By RON FANFAIR
A Raisin in the Sun was one of the first books Abena Malika read in elementary school.
While strolling by a classroom at York University nearly a decade ago, she was attracted to some students rehearsing for a skit that just happened to be the Lorraine Hansberry play that debuted on Broadway in 1959.
The students were members of the university’s African Drama Club, and they accepted Malika into their fold once she declared a strong interest in being associated with the production.
Two years ago, Malika played Ruth Younger in the Weyni Mengesha-directed production of the award-winning play that received rave reviews. A Raisin in the Sun returns for a second run from October 15 to November 13 at the Young Centre for the Performing Arts.
“I feel like if I have come full circle,” the talented actress, who garnered a 2009 Dora nomination for playing the patient, loving and long–suffering wife, told Share this week. “I started out doing the play for nothing and now I am being paid – not just once but on two different occasions in my homeland – to perform it and I am enjoying every moment.”
A Raisin in the Sun was the first play written by a Black woman (Hansberry) to be produced on Broadway. It was also the first play with a Black director (Lloyd Richards).
“This is more than just another play,” said Malika. “This production is steeped in so much history. Hansberry was a visionary, feminist, political activist and an advocate for social justice which are things I can relate to.”

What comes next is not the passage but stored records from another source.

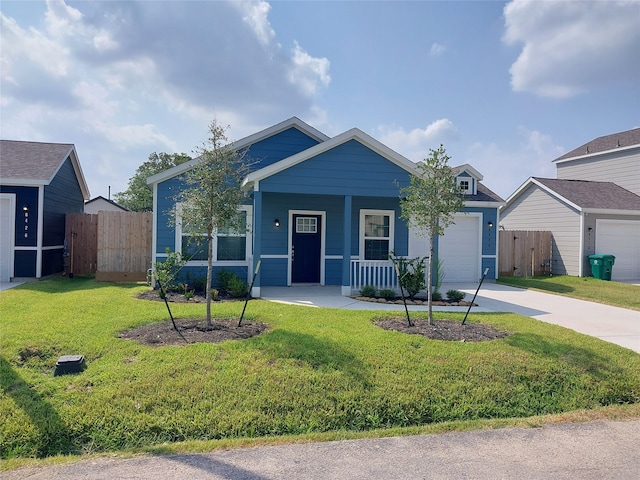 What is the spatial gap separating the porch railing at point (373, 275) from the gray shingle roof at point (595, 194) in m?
9.75

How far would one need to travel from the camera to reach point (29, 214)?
11664mm

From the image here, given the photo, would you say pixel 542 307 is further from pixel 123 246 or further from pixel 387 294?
pixel 123 246

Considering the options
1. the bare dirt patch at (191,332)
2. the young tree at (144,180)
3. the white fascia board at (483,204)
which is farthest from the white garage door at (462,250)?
the young tree at (144,180)

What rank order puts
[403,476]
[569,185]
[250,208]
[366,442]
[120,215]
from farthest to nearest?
1. [569,185]
2. [120,215]
3. [250,208]
4. [366,442]
5. [403,476]

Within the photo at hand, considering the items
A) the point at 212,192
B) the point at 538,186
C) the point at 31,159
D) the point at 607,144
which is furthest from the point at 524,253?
the point at 31,159

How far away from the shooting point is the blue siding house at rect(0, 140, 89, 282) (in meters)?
11.5

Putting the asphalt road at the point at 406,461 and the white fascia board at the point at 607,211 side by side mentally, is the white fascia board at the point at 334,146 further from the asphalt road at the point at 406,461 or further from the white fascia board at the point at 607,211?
the white fascia board at the point at 607,211

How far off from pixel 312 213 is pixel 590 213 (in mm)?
11294

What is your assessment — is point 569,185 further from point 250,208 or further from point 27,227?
point 27,227

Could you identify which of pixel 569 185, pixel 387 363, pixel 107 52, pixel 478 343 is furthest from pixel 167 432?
pixel 569 185

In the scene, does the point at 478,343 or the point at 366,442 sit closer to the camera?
the point at 366,442

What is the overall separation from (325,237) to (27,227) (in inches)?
336

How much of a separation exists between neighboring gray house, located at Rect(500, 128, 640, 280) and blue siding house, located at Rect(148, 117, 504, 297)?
7.18 metres

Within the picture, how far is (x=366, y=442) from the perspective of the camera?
358 centimetres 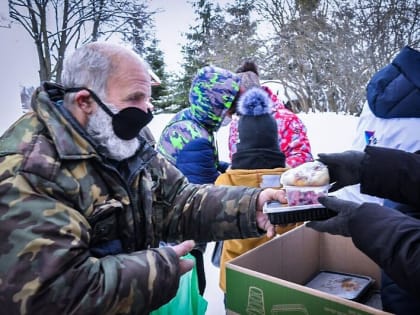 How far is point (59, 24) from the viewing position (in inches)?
204

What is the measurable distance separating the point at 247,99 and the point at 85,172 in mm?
1283

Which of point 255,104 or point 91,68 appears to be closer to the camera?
point 91,68

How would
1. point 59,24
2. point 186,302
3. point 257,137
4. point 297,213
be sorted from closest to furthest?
point 297,213, point 186,302, point 257,137, point 59,24

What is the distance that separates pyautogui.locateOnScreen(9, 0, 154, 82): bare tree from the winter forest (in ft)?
0.05

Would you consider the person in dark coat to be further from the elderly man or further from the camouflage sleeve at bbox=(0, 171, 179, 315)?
the camouflage sleeve at bbox=(0, 171, 179, 315)

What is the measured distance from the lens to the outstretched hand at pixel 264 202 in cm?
143

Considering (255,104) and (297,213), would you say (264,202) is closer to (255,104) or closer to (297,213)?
(297,213)

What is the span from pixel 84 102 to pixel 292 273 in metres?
1.20

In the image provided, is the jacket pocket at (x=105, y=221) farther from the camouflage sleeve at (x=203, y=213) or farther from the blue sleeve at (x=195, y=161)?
the blue sleeve at (x=195, y=161)

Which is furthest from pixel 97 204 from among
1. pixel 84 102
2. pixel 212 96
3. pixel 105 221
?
pixel 212 96

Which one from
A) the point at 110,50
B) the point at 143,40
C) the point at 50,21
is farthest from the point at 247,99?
the point at 143,40

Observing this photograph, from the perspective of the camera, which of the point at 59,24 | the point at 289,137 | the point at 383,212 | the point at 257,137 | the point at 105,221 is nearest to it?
the point at 383,212

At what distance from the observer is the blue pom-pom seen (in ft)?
6.86

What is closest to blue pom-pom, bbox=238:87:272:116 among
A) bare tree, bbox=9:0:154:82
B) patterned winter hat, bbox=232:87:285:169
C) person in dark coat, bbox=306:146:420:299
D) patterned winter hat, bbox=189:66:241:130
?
patterned winter hat, bbox=232:87:285:169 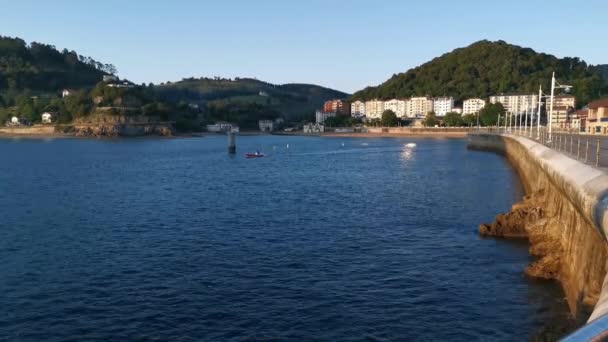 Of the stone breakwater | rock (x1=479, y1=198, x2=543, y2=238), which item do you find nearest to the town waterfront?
the stone breakwater

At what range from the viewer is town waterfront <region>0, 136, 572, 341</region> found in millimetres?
18516

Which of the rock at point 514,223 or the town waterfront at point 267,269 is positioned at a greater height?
the rock at point 514,223

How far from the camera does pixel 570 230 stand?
856 inches

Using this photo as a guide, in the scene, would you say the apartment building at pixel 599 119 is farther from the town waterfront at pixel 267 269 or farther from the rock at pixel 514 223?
the rock at pixel 514 223

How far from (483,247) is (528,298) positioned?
837 cm

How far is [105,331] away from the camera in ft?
59.2

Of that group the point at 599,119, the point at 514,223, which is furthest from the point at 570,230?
the point at 599,119

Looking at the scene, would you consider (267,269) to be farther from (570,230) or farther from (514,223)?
(514,223)

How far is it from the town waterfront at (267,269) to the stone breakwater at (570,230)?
106 centimetres

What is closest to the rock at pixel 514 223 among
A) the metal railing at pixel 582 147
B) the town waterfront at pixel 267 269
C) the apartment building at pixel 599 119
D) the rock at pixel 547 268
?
the town waterfront at pixel 267 269

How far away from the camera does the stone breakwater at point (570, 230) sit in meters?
15.0

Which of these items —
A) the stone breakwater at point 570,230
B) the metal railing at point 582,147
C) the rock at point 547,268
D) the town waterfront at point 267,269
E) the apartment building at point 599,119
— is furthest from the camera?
the apartment building at point 599,119

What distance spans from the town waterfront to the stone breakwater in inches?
41.6

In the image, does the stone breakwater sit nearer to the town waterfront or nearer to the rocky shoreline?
the rocky shoreline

Hansberry, who attended the University of Wisconsin-Madison and Malika, who was enrolled in York University’s Political Science program, also have something else in common. They both found university to be uninspiring and left early to pursue their passion for the arts.
Malika is currently playing Susi in David French’s comedic backstage drama, Jitters, which has been extended by a week to July 31.
Her other theatrical credits include Mamma Mia, Adventures of a Black Girl in Search of God, Da Kink in My Hair, Steal Away Home and George Boyd’s play, Consecrated Ground.
She pays tribute to her parents, Hugh and Nina McDonald, for providing a platform for her and her brother, Stokely McDonald, a music producer, to exploit their artistic talent.
Malika is also involved in Soulpepper’s schools program that encourages young student to make connections between music, literature, the performing arts and their own lives.
It also helps to enrich their vocabulary and extend their means of expression, expose them to Shakespeare’s stories and language and enable them to experience, learn and practice drama techniques.
Malika is working this summer with a group of students at Kane Senior Public School.
“This is the first time that I have been involved in the program and it has been quite enriching for me,” said the Vaughan Road Collegiate graduate.
“The initiative gives young people an opportunity to improve their confidence and self-esteem and get used to performing in front of an audience. It’s quite rewarding to watch them blossom.
“At first, they are fearful of speaking and they seldom make eye contact. That all has changed as their comfort level increases and they are eager to make contributions and show off their talent.”
Earlier this year, Malika graduated from the first ever Canadian Film Centre Actors Conservatory that offers actors a very unique transformative professional on-screen experience. The first class was comprised of eight participants.